Die vier häufigsten sind Erythrit, Xylit, Stevia und Sucralose. Erythrit und Xylit gehören zu den Zuckeralkoholen und werden am häufigsten in Backwaren und Riegeln eingesetzt, weil sie sich ähnlich wie Zucker im Teig verhalten. Stevia wird eher ergänzend genutzt, da es einen Eigengeschmack hat. Sucralose findest du vor allem in Getränken und Desserts. Alle vier sind in der EU als Lebensmittelzusatzstoffe zugelassen und werden vor der Zulassung von der EFSA auf Sicherheit geprüft.

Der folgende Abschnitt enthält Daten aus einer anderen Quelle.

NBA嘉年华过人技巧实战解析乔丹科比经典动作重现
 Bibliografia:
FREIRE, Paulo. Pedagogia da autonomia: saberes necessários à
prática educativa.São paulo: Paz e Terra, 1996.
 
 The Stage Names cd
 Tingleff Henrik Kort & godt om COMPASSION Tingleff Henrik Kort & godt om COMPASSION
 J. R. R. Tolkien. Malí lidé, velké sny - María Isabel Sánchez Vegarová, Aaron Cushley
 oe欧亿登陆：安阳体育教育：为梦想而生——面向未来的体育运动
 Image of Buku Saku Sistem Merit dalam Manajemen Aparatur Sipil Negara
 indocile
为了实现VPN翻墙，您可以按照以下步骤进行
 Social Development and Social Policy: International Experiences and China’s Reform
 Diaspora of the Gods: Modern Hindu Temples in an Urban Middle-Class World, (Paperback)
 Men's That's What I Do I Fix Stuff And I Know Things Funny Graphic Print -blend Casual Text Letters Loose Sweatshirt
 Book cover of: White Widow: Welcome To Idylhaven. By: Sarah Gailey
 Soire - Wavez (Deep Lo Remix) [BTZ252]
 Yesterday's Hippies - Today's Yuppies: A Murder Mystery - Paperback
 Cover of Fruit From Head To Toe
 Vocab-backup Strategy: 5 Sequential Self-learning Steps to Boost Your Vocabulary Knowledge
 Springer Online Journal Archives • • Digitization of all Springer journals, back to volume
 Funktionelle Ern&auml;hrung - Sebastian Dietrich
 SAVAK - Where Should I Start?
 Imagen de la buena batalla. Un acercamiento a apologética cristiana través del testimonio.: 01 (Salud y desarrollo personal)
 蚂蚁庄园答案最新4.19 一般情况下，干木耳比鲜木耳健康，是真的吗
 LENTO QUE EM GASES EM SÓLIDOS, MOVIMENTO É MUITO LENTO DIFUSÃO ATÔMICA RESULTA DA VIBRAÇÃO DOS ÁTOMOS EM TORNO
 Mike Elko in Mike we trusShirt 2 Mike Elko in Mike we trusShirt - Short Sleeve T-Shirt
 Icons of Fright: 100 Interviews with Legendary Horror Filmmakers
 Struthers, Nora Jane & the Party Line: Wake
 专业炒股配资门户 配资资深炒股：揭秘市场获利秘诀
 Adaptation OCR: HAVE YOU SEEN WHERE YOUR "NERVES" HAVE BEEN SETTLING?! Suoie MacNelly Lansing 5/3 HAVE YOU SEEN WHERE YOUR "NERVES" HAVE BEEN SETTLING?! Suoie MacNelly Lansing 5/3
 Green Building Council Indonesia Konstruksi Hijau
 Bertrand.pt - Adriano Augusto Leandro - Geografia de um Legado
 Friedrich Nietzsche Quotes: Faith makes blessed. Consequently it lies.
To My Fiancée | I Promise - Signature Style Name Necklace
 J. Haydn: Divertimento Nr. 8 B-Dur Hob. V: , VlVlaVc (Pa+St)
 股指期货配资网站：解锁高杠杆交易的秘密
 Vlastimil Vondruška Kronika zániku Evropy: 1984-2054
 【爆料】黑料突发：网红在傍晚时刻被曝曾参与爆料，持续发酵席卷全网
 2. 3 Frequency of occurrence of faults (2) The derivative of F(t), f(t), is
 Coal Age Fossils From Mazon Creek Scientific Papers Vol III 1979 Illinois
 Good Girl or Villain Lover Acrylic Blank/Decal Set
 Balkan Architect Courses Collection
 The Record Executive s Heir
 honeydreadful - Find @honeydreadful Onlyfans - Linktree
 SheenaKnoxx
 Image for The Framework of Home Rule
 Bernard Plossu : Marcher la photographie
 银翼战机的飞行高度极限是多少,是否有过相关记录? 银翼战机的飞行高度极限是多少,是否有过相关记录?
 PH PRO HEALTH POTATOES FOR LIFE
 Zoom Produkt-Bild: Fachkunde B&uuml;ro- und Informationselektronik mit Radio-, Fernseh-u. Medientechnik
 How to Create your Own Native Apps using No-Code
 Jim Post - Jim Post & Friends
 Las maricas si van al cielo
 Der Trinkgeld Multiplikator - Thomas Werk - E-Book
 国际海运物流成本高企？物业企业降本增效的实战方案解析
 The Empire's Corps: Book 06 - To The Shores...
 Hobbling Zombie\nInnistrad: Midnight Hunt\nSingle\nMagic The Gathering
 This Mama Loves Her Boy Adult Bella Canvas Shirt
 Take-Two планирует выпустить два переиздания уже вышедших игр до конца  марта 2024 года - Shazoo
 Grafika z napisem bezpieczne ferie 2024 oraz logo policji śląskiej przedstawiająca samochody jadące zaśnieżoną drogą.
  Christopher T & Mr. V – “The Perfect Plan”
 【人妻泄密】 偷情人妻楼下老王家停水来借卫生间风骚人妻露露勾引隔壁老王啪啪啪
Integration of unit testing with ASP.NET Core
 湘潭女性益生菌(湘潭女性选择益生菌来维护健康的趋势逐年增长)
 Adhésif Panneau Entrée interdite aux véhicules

Ist Erythrit unbedenklich?
Erythrit ist ein zugelassener Lebensmittelzusatzstoff (E 968) und gilt laut der EFSA als sicher. Wie bei allem gilt: in normalen Mengen genießen.
Fazit
Zuckerfreie Snacks und zuckerarme Snacks bieten unterschiedliche Vorteile und Herausforderungen. Zuckerfreie Snacks sind ideal für diejenigen, die Zucker fast vollständig vermeiden möchten oder müssen.
Zuckerarme Snacks hingegen, ermöglichen eine moderate Zuckeraufnahme und schmecken oft vertrauter. Beide Optionen können Teil einer ausgewogenen Ernährung sein, aber es ist wichtig, die Etiketten genau zu lesen und auf versteckte Zuckerquellen zu achten. Die Entwicklung zuckerfreier Snacks ist aufgrund von Geschmack, Textur und Haltbarkeit eine Herausforderung.
Egal ob man sich für zuckerfreie oder zuckerarme Snacks entscheidet. Es ist ratsam, auf eine ausgewogene Ernährung zu achten und Snacks in Maßen zu genießen. Mit der richtigen Auswahl an zuckerfreien oder zuckerarmen Snacks muss man nicht auf Genuss verzichten.